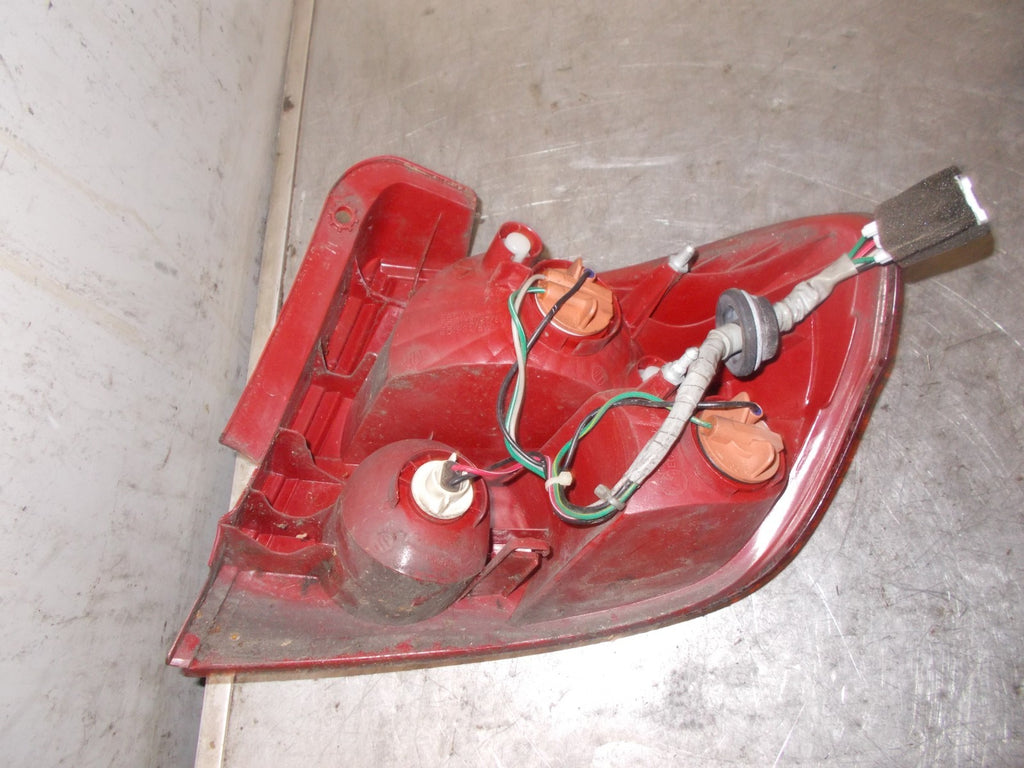 HYUNDAI GETZ 2003 NSR PASSENGER SIDE REAR TAIL LIGHT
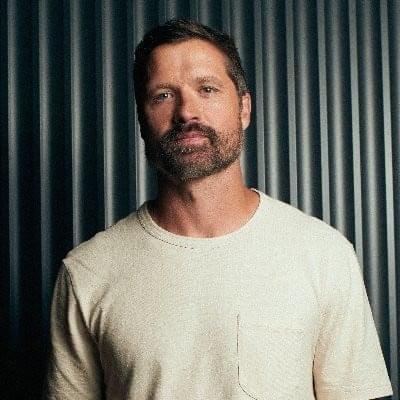 Walker Hayes Profile Picture Photo of Walker Hayes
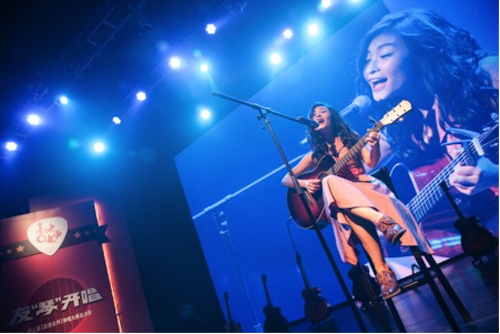 不休创新的蒙特卡罗474音乐角逐 <br />～从传统电子琴到吉他女声～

_Task to complete_. Retype, exactly as written, each line from the one containing "Walker Hayes Profile" through the end of the data above, and leave out every picture.

_Solution for this problem_.
 Walker Hayes Profile Picture Photo of Walker Hayes
 不休创新的蒙特卡罗474音乐角逐 <br />～从传统电子琴到吉他女声～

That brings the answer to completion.